1. Scope of Work: The City agrees to provide law enforcement and security services to the
Seahawks as specified in Exhibit A, which is attached and incorporated herein and may
hereinafter be referred to as the "Work." The Work is anticipated to consist of general
security services("General Security Services")and VIP escort security services("VIP Escort
Security Services").
2. Time of Performance: The City shall perform Work on an as-requested basis, as
determined by the Seahawks. The Seahawks shall provide the City with advanced notice
of a request for Work as follows: (1) For General Security Services, the Seahawks will
contact the Renton Police Department's Extra Duty Coordinator; (2) For VIP Escort
Security Services, the Seahawks will contact the Patrol Services Division Commander to
request Work. In both cases, the Seahawks will provide as much notice in advance as
possible to the City.
3. Compensation:
A. Amount. Compensation to the City for Work provided pursuant to this Agreement
shall be as set forth in Exhibit B, with total annual compensation not anticipated to
exceed $200,000. The rates set forth in Exhibit B reflect the off duty rates as set by
the City; the City reserves the right to adjust these rates at any time with 30 days'
notice to the Seahawks.
B. Method of Payment.
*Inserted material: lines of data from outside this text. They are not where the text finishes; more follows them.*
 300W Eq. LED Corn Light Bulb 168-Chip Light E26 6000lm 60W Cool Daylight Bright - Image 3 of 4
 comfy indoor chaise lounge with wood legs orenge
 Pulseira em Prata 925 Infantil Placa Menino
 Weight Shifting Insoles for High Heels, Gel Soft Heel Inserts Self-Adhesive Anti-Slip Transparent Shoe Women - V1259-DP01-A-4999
On a monthly or no less than quarterly basis during any quarter
in which Work is performed, the City shall prepare a detailed invoice, including date
and description of what Work has been performed, the name of the personnel
performing such Work, and any hourly labor charge rate for such personnel.
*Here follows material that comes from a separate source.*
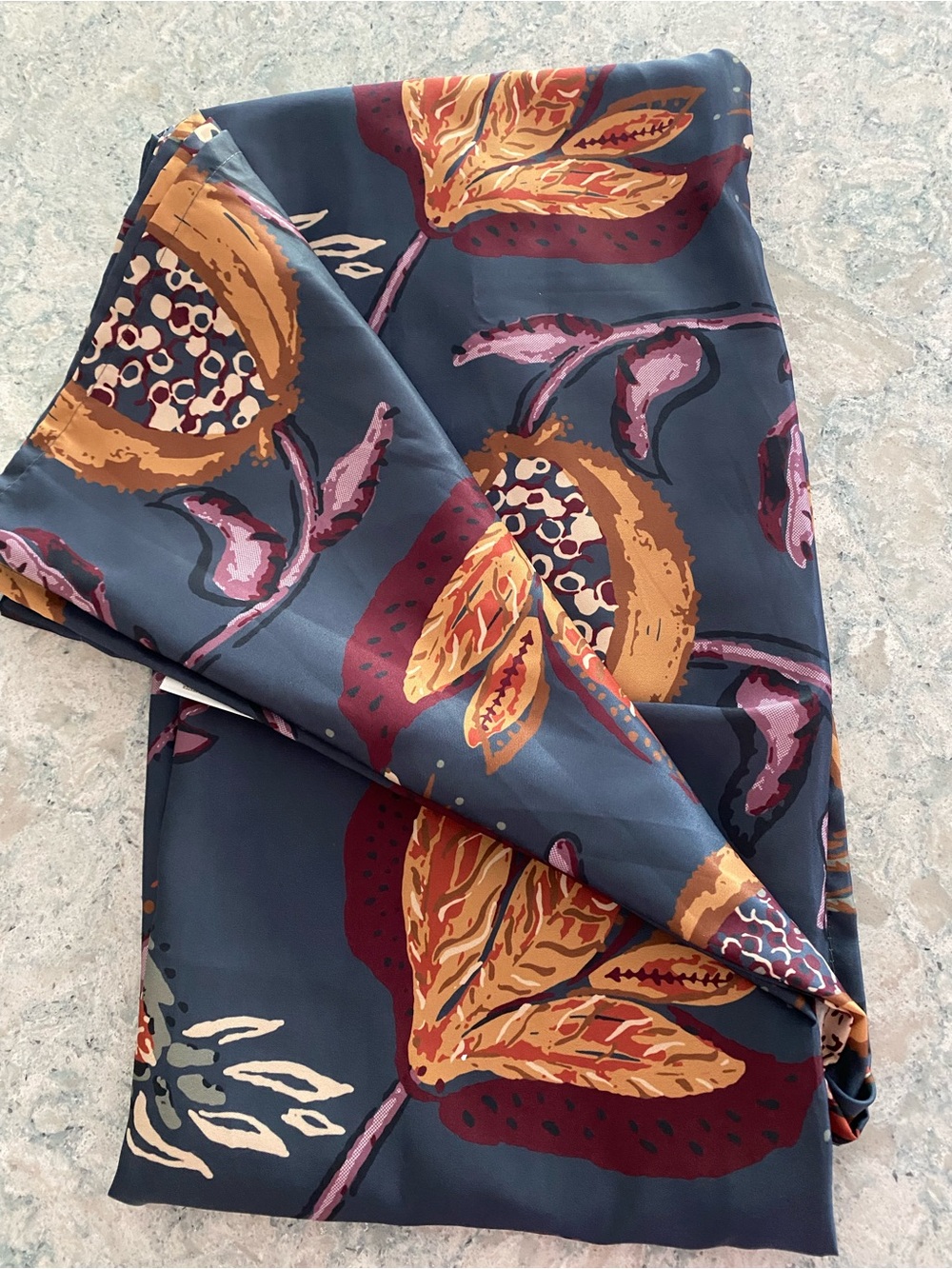 Threshold Floral Botanical shower curtain in Slate with Mustard and Burgundy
Additional fees incurred, necessary and agreed upon to perform Work will also be
included on the invoice, including but not limited to, administrative fee(s), vehicle
fee(s), and applicable toll fees. Payment shall be made by the Seahawks for Work
performed within thirty(30)calendar days after receipt and approval by the Seahawks
of the invoice.
C. Effect of City's Receipt of Payment. The City's receipt of payment for any part of the
Work shall not constitute a waiver by the City of any remedies it may have against the
Seahawks for any breach of this Agreement by the Seahawks.
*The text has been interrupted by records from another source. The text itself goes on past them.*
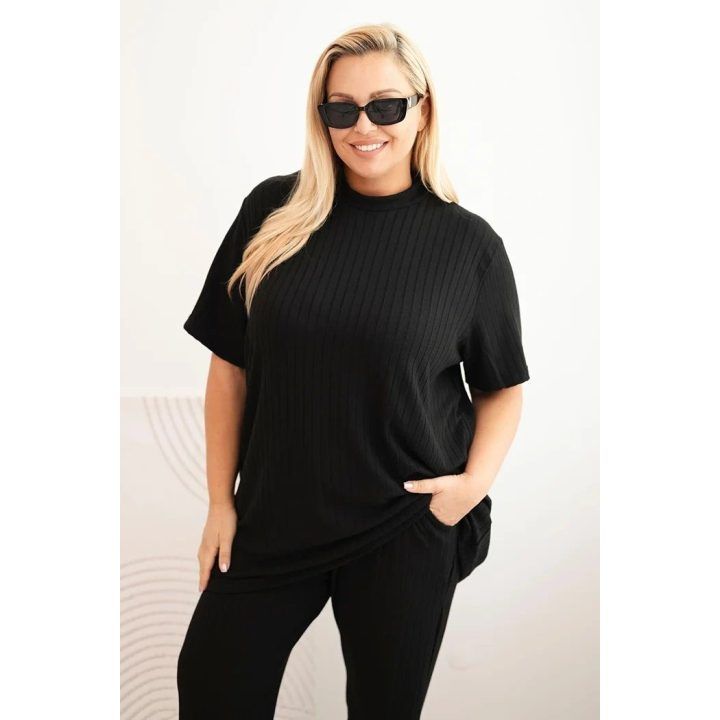 Moteriškas Plus Size 3 dalių komplektas, juodos spalvos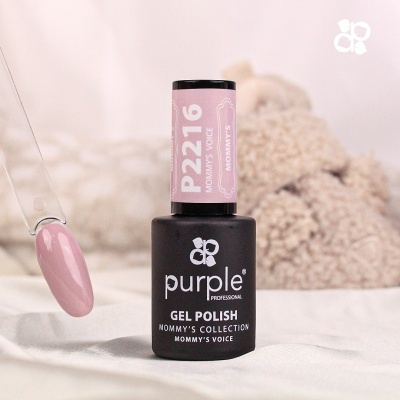 Verniz gel rosa claro Purple Professional Mommy's Collection P2216 com aplicação em palito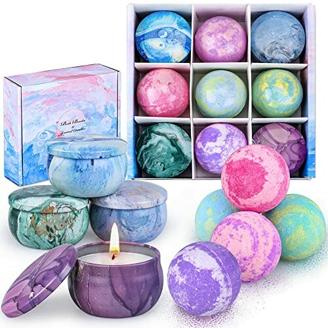 Badebomben Geschenkset, OFUN 5 Handgefertigte Badekugeln und 4 Aroma Duftkerzen, reich an ätherischen Ölen, Perfekte Muttertag|Valentinsgruß|Geburtstags|Weihnachten Geschenke für Mama Frau Freundin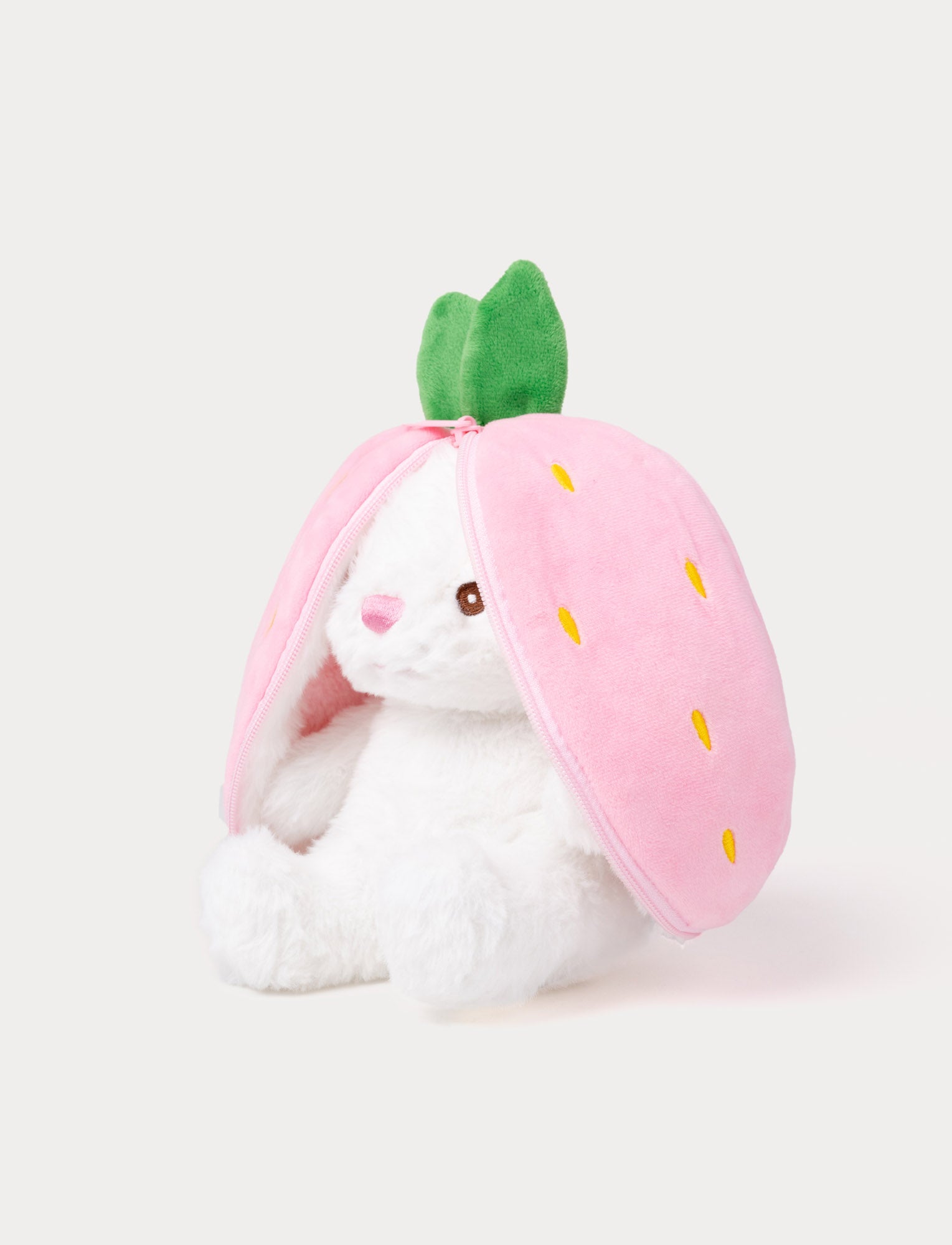Bunny in Strawberry – Plush Toy with Zipper & Surprise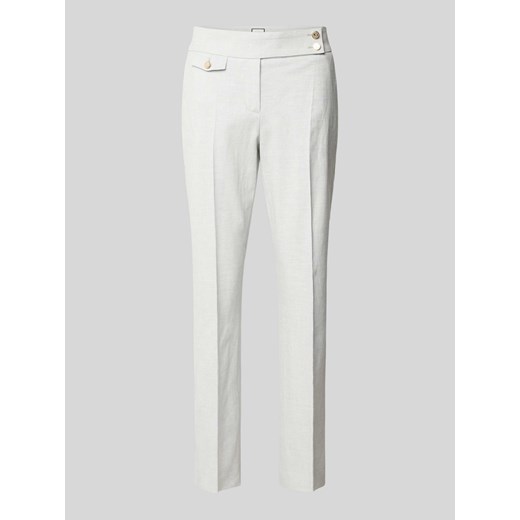 Spodnie lniane o kroju slim fit w kant model ‘INEZ’ ze sklepu Peek&Cloppenburg  w kategorii Spodnie damskie - zdjęcie 171188872
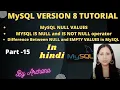 MYSQL NULL VALUES MYSQL IS NULL and IS NOT NULL OPERATOR NULL VALUES Vs EMPTY VALUES IN MySQL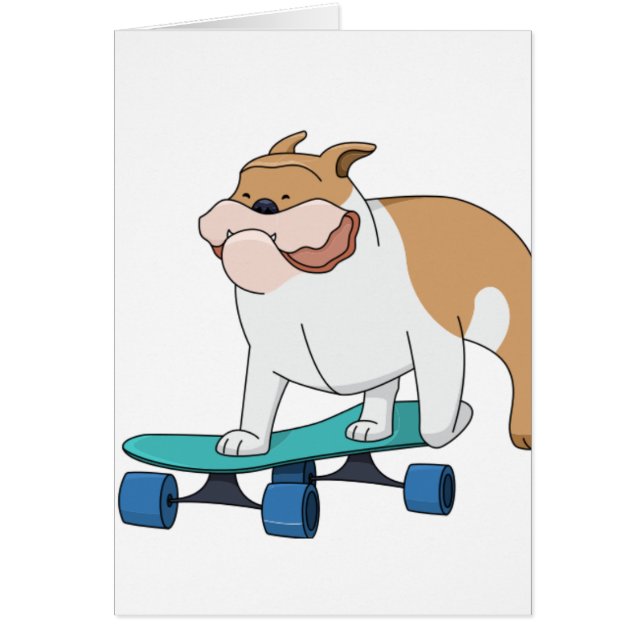 Skateboard bulldog hälsningskort (Framsidan)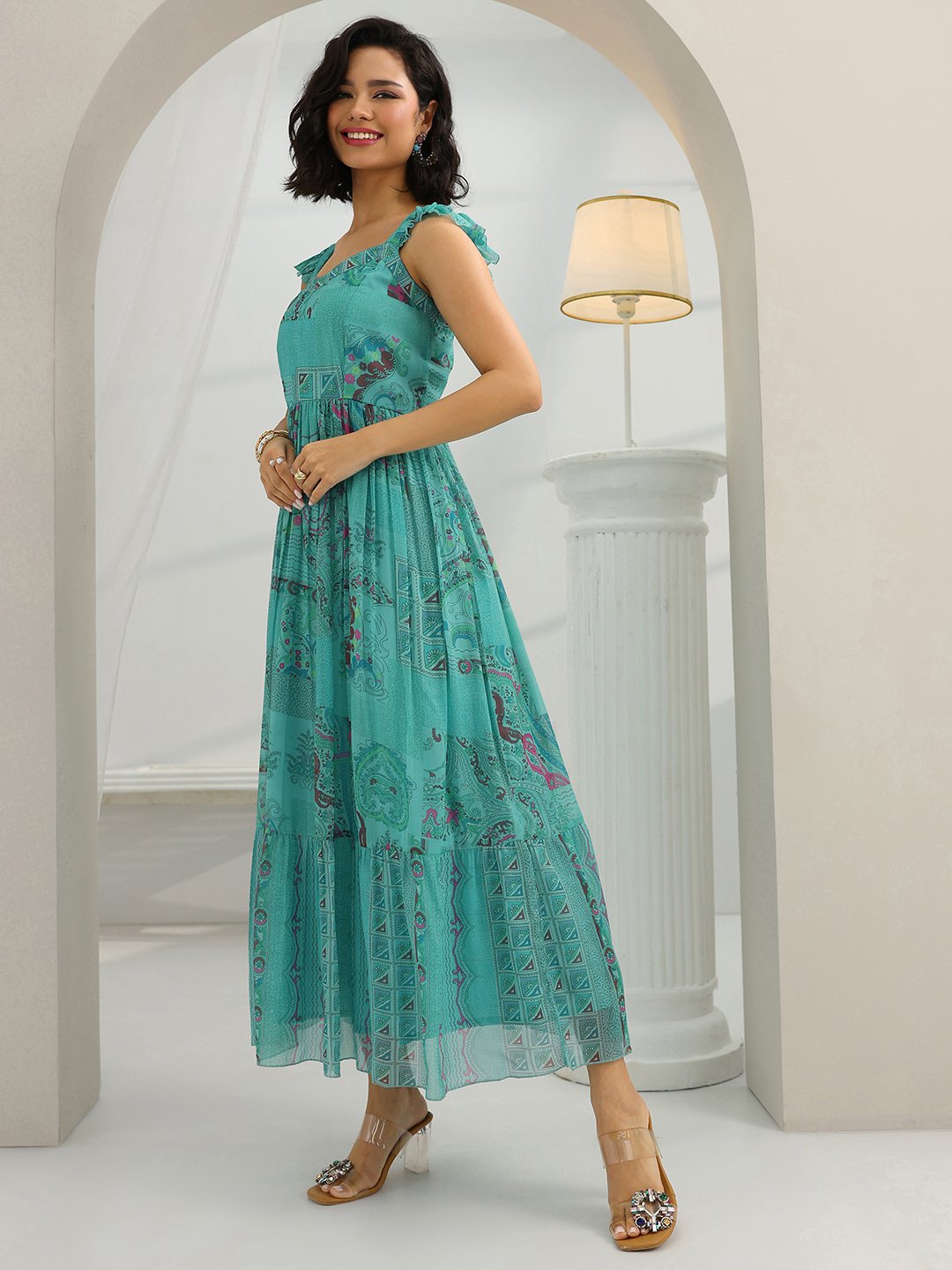 2 piece graduation dresses Dressime Two Pieces Puff Sleeve Tie-Back Long Prom Dress  dressime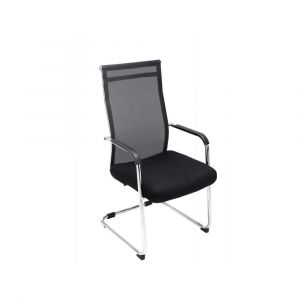 Décoshop26 Chaise pour visiteur fauteuil de bureau avec accoudoirs noir pieds chromé BUR10144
4. Right to Refuse Work: Nothing in this Agreement shall be construed to interfere with the
rights of the City, in its capacity as a public law enforcement agency, or with the City's
officers, in their capacity as licensed law enforcement officers,to respond to requests for
law enforcement assistance. The City retains sole and exclusive discretion to respond to
requests for law enforcement assistance in such manner and to such extent, as the law
and their training may require and to refuse Work if it would interference with requests
for law enforcement assistance.
5. Termination:
A. The Parties reserve the right to terminate this Agreement at any time,with or without
cause by giving ten (10) calendar days' notice to the other party in writing.
B. In the event this Agreement is terminated by the Seahawks, the City shall be entitled
to payment for all Work performed to the effective date of termination, less all
payments previously made. This provision shall not prevent the City from seeking any
legal remedies it may have for the violation or nonperformance of any of the
provisions of this Agreement.
6. Record Maintenance:The Seahawks shall maintain accounts and records,which properly
reflect all Work received in the performance of this Agreement and retain such records
for as long as may be required by applicable Washington State records retention laws, but
in any event no less than six years after the termination of this Agreement.The Seahawks
agrees to provide copies of any records related to this Agreement as required by the City
to comply with the Washington State Public Records Act (Chapter 42.56 RCW), provided
that the Seahawks are not a state or local government agency subject to such law and
nothing herein shall be construed to make the Seahawks' unrelated business records
subject to the disclosure requirements of such law. The provisions of this section shall
survive the expiration or termination of this Agreement.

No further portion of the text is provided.